Gender diversity mooted in Oman Oil & Gas workforce

Conrad Prabhu –
Muscat, DEC 31 –
Omani women constitute less than 10 per cent of the workforce in Oman’s Oil & Gas sector — a gender imbalance that must be suitably tackled through the implementation of a number of employment-related measures, according to a key study by the Ministry of Higher Education.
The Female Empowerment Survey, undertaken by the Ministry in collaboration with Oman Society of Petroleum Services (OPAL), sought to understand the demographical composition of the Sultanate’s Oil & Gas industry with a view to being suitably geared to meeting the educational, professional and entrepreneurial aspirations of young Omani women.

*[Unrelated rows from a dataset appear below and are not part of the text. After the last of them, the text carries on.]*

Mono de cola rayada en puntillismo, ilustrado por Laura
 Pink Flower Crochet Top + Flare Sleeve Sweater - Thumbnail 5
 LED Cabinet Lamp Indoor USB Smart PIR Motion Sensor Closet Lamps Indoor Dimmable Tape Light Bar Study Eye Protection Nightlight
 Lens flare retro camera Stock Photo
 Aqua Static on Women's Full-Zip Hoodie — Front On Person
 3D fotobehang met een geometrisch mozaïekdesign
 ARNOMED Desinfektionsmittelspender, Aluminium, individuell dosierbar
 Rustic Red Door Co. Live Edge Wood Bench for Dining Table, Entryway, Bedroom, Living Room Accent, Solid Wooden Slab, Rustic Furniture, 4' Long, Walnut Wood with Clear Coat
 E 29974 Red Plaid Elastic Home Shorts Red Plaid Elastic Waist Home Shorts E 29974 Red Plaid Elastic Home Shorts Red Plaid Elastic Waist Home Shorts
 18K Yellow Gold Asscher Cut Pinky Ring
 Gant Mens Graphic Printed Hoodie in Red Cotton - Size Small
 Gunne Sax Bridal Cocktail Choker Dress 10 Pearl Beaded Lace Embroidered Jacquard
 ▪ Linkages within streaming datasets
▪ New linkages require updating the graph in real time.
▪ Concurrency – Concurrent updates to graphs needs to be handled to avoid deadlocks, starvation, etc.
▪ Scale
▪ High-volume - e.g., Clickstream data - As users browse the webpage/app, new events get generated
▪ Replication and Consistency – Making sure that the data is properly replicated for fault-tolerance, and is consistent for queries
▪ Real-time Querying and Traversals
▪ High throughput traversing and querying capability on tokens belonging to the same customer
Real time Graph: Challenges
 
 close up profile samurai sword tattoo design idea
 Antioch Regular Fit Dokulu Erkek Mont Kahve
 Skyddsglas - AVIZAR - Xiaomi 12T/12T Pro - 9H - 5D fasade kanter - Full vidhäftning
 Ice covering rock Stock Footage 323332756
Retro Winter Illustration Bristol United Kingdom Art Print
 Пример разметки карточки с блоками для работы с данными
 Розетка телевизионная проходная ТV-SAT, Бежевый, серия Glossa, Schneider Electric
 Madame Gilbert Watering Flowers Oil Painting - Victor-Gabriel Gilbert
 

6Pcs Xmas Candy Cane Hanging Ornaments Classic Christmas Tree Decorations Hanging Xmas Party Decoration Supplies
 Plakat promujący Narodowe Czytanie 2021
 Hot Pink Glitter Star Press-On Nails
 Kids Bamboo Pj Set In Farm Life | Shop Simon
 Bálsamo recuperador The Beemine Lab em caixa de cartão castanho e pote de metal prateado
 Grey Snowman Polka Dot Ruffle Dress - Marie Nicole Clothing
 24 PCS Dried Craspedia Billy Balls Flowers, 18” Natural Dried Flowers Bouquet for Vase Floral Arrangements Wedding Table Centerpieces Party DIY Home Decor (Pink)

As many as 1,735 women, who were employed in the sector, or had resigned or rejected offers to work in the industry, were invited to participate in the survey. Of this number, 1182 women eventually did complete the survey. They offered their opinions on two broad themes: (i) their reasons for opting to work in the Oil & Gas sector, and (ii) concerns, if any, to be working in the oilfield areas in an essentially male-dominated industry while aspiring for career growth as well.
Based on feedback garnered from the respondents, the ministry underlined the need for steps to enhance the presence of women in both office and field-based jobs in the Oil & Gas sector. Females constitute less than 10 per cent of the employees in the Oil and Gas Sector in Oman, it stated in its report. In contrast, females constitute 20-25 per cent of the workforce in the global oil and gas industry (World Petroleum Council, 2017), it said.
“Companies could tap the abundance of qualified females to increase their participation rate in this sector, utilising their willingness to work in both office-based and site locations as expressed in this survey (by providing the required facilities). More than two-thirds of females working in the sector are originally from Muscat. It might be worthwhile directing future recruiting efforts to support an equal representation from the governorates,” the report stated.
Additionally, the study called for improvements and enhancements in private sector maternity benefits to help retain and attract more female employees. It explained: “As most of the female population in the Oil and Gas sector are younger than 40 years, married and with 5-year-old or younger kids, family education/health plans and maternity leave are top priorities for females.”
The Oman Labour Law limits maternity leave privileges to a maximum of three sets of maternity holidays. “This article is not helping in attracting females to the private sector in general and to the Oil and Gas in specific. Other articles in the (Labour) Law which may limit attracting females into the private sector are Article (81) and Article (82) which respectively state : ‘Females shall not be required to work between nine pm and six am save in cases, works, and occasions specified by a decision by the minister’; and ‘Women shall not be required to perform works which are harmful to the health or hard works or such other works as may be specified by a decision of the minister’,” the Female Empowerment Report noted.
In their responses to the online survey, many women called for, among other privileges, breastfeeding hours and part-time working post maternity. More than a third of the respondents said the ‘three-leaves’ limit for maternity leave would compel them to quit their jobs.
Importantly, the report called for efforts to boost the number of women in senior positions in the industry, and to put in place clear career progression plans for women. At least 31 per cent of the respondents said they were given less opportunities for career progression than males.
Incidentally, women account for less than three per cent of the total workforce in the oilfield areas. Even so, a third of the respondents said they would consider relocation to oilfield sites if their jobs come with clear career growth plans along with health and education benefits for family members.